Go to the line with "Witty Photography Puns" in the entries below and write out every line from there through the line with "Direito Delas Banheiros", exactly and without pictures.

=== Data listing ===

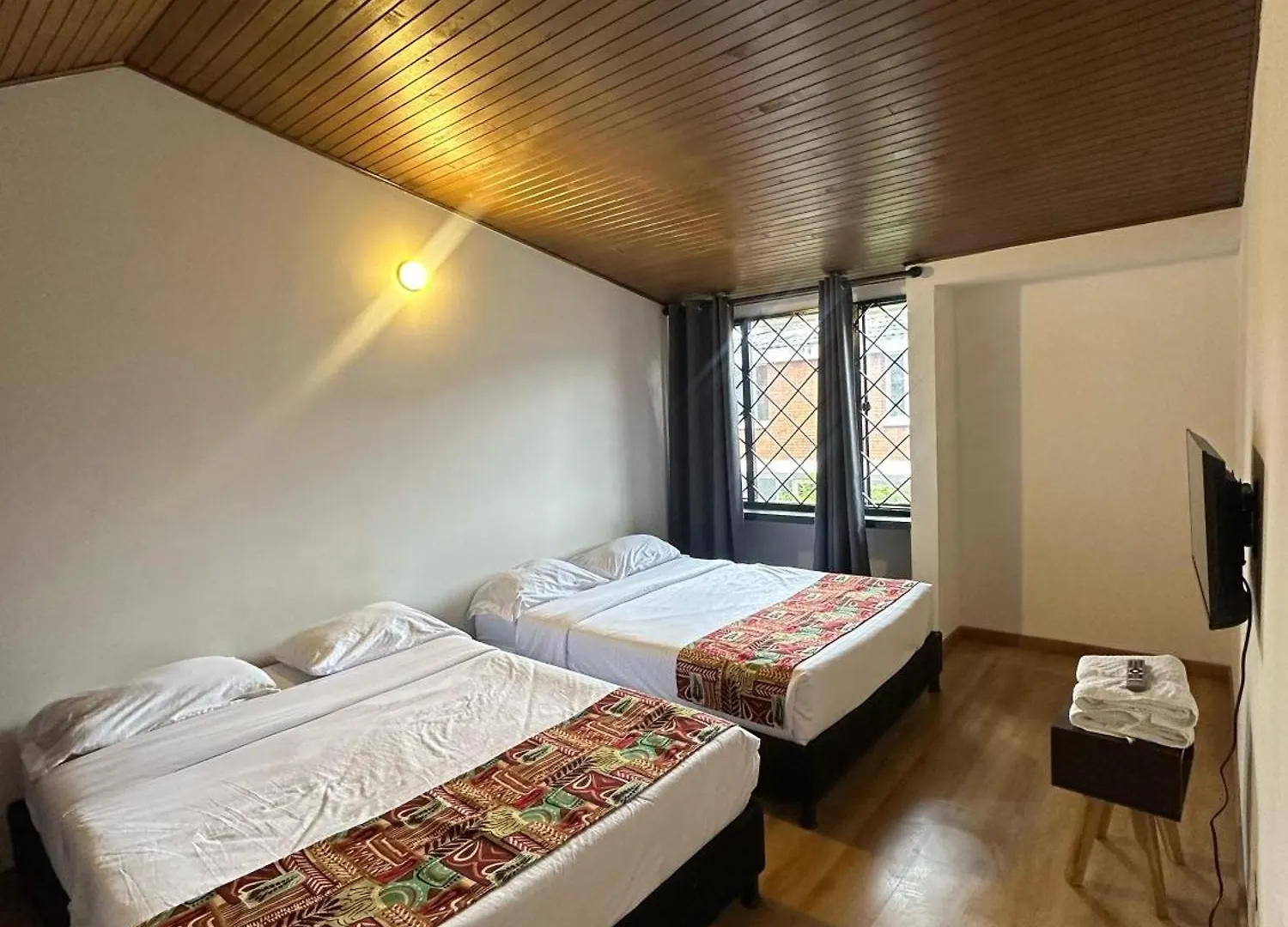 Gasthof Bamuka Hostal Bogotá Kolumbien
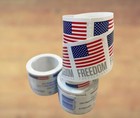 1 Roll Of 100 Us Postage Stamps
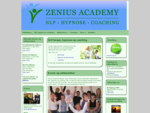 ZENIUS ACADEMY | NLP, Hypnose Coaching | Kurser og uddannelser i NLP, hypnose Coaching |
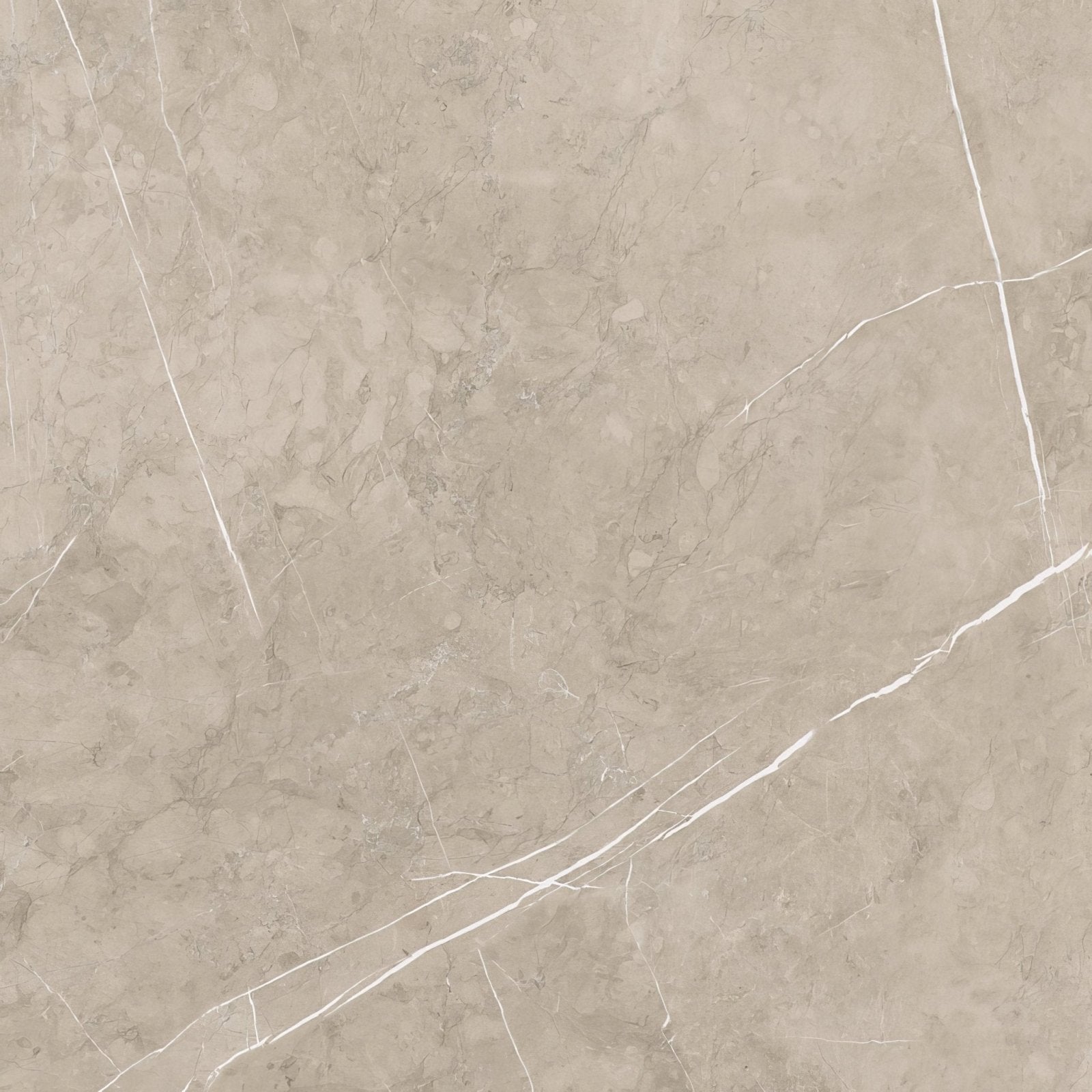 Beige marble tile lyon 1837 vison polished with subtle white veining ideal for elegant flooring and walls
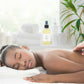 Aromatherapy Eucalyptus Massage Oil, Natural Relaxing Body Massage Oil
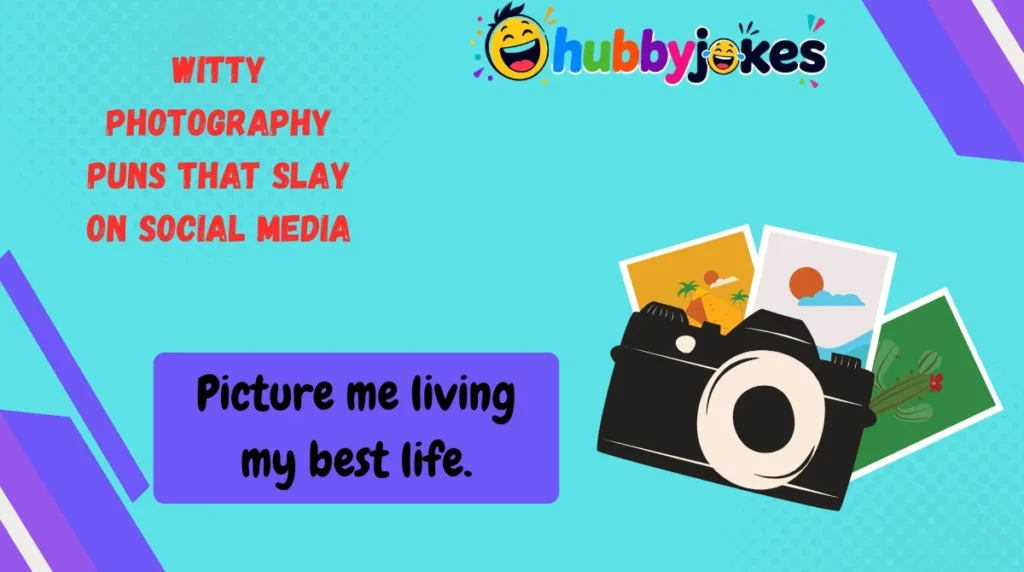 Witty Photography Puns That Slay on Social Media
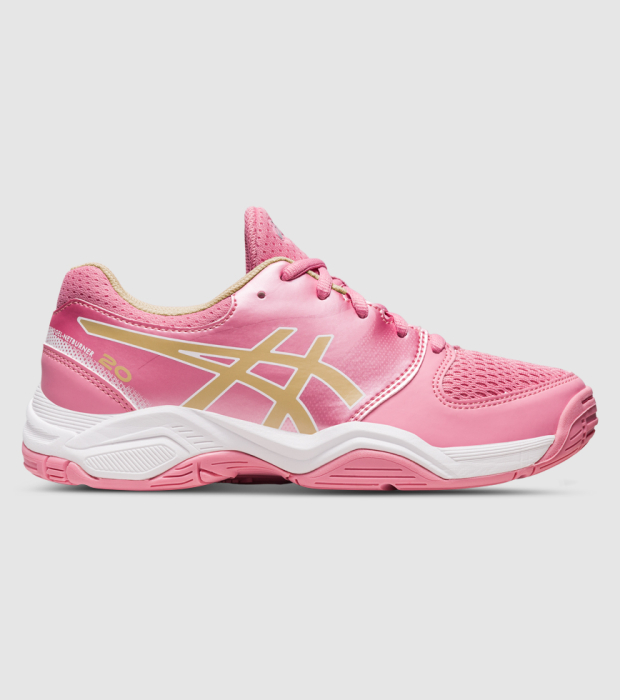 Asics gel shop rocket netball trainers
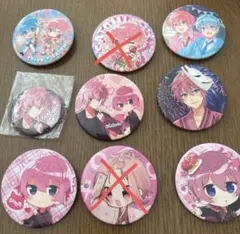 さとみくん 缶バッジ アクキー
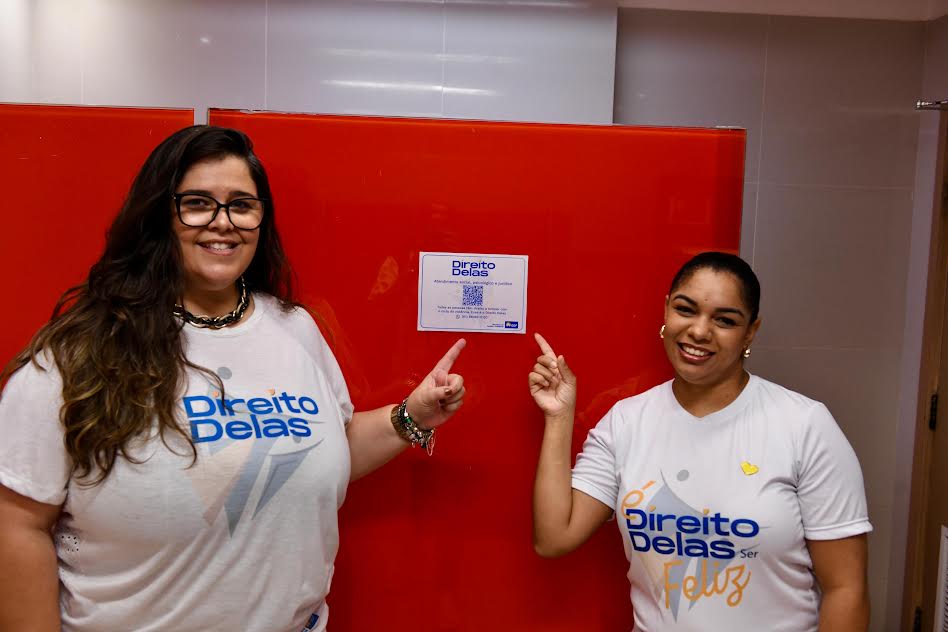 Banheiros do DF passam a contar com QR Code que conecta vítimas de violência ao programa Direito Delas Banheiros do DF passam a contar com QR Code que conecta vítimas de violência ao programa Direito Delas
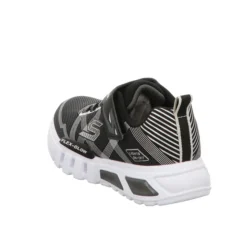Skechers Lights Flex Glow - Sneaker schwarz und blau Blinker 90542L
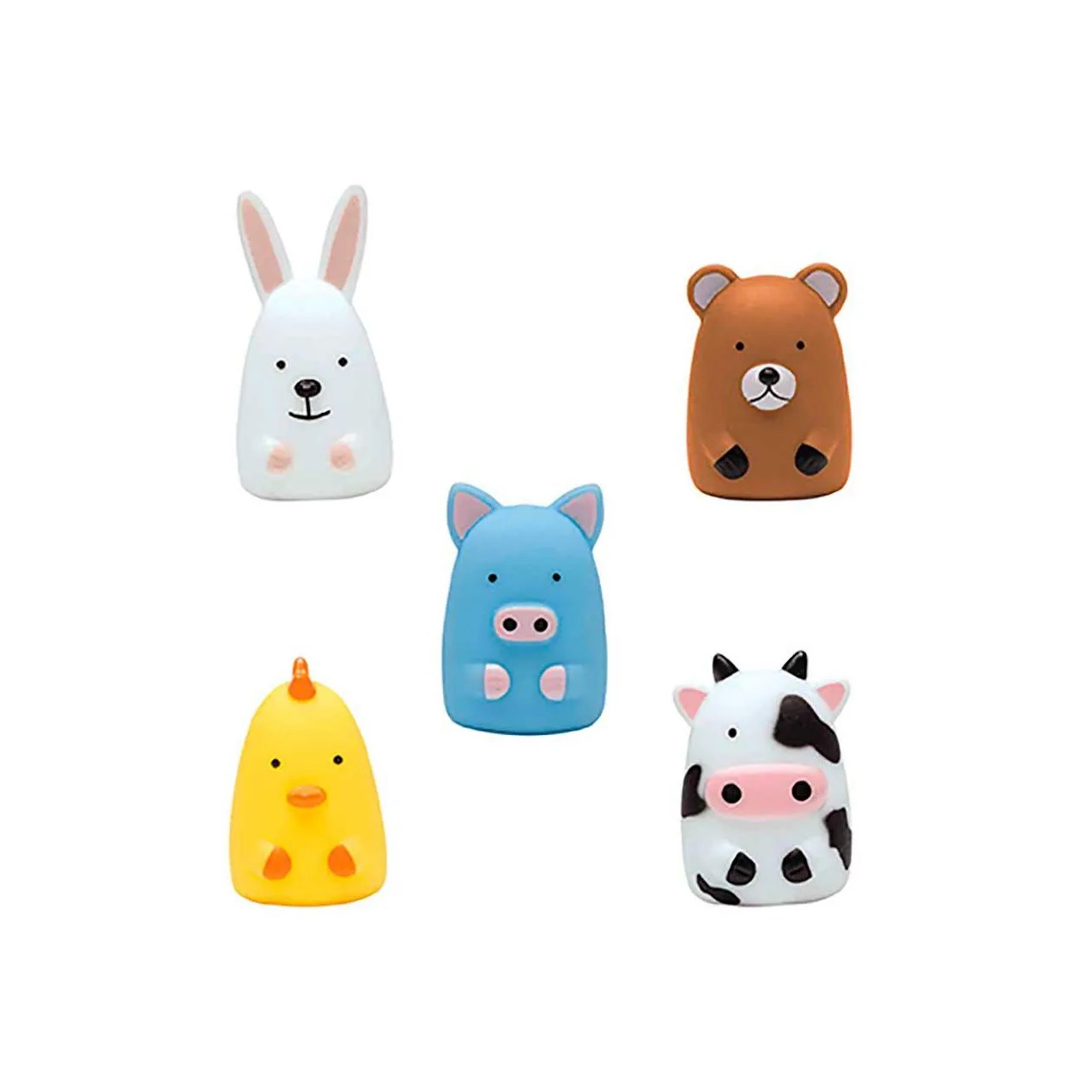Kit Dedoches Buba Baby Animaizinhos com 1 unidade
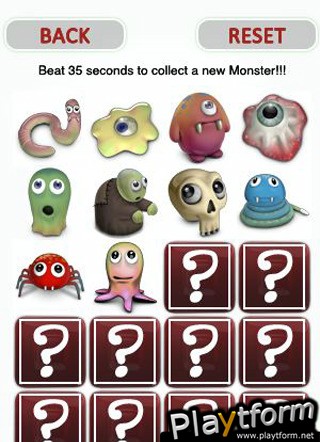 Monster Memory (iPhone/iPod)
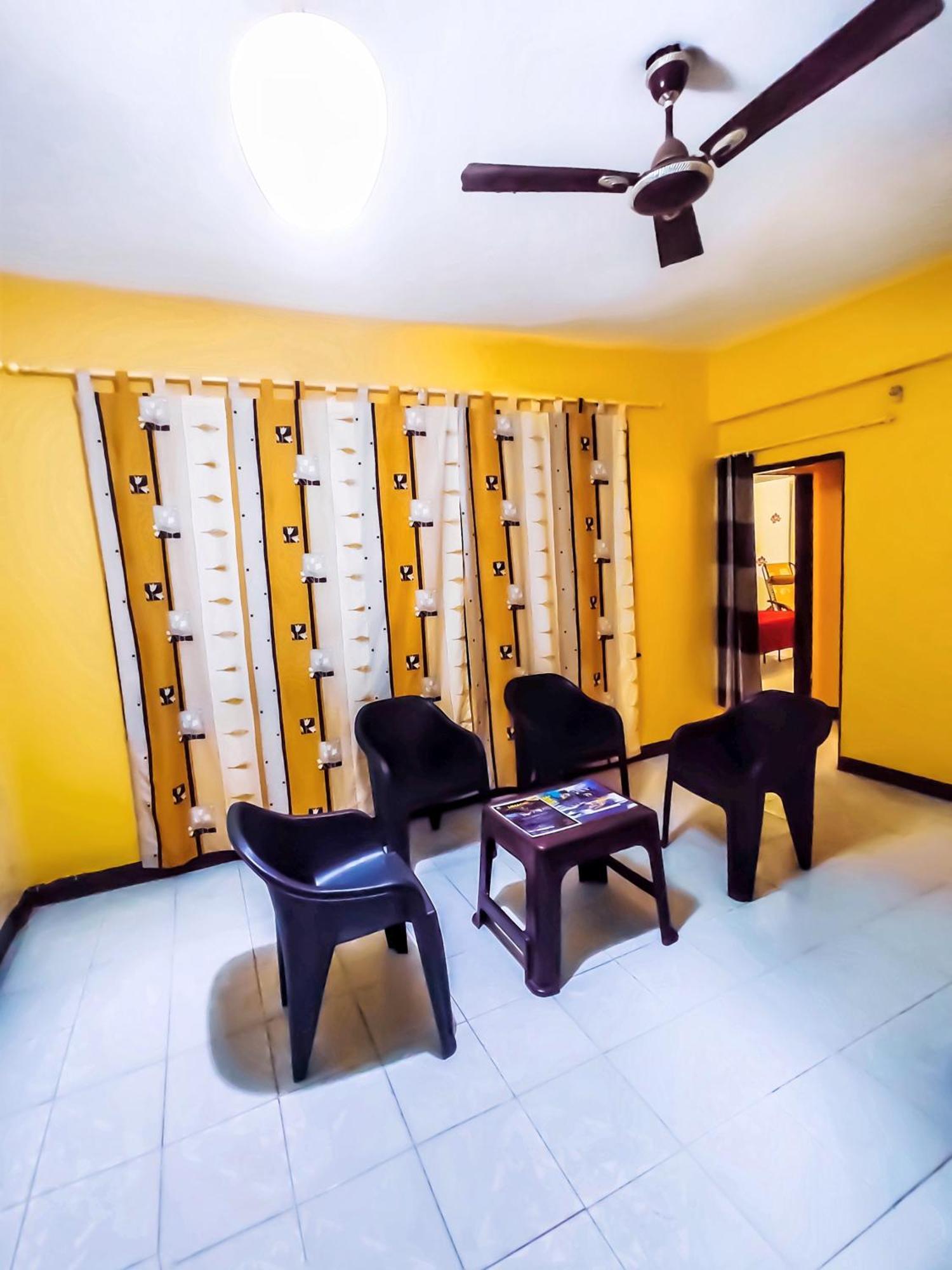The Beach Apartments Calangute Extérieur photo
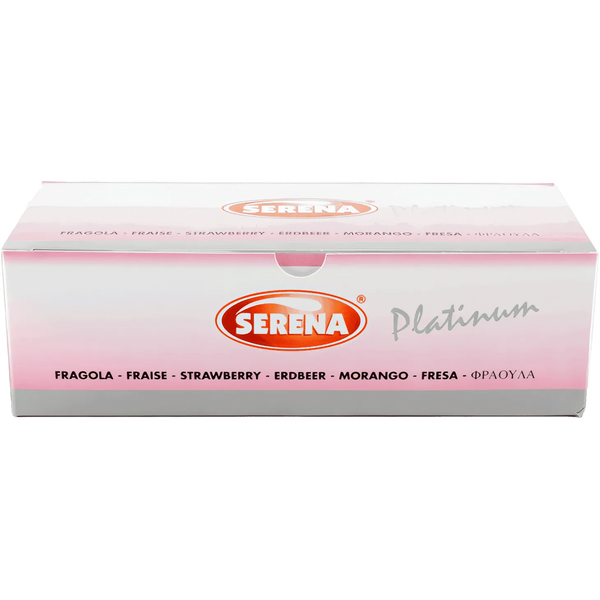 Serena Platinum – Confezione da 144 profilattici alla fragola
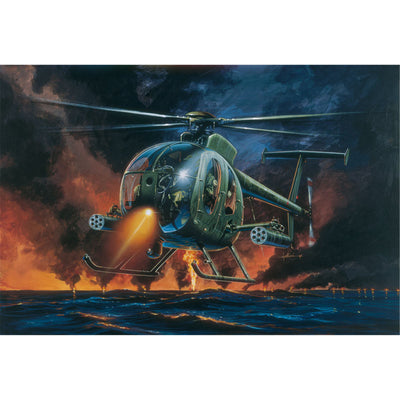 Italeri 1-017 - ITALERI 1/72 AH-6 NIGHT FOX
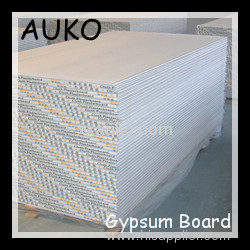 10mm high quality paperbacked gesso board /plaster board(AK-A)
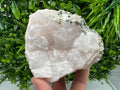 UV Mangano Calcite: Borieva Mine, Bulgaria Crystal Decor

===

### Answer space
 Witty Photography Puns That Slay on Social Media
 Asics gel shop rocket netball trainers
 さとみくん 缶バッジ アクキー
 Banheiros do DF passam a contar com QR Code que conecta vítimas de violência ao programa Direito Delas Banheiros do DF passam a contar com QR Code que conecta vítimas de violência ao programa Direito Delas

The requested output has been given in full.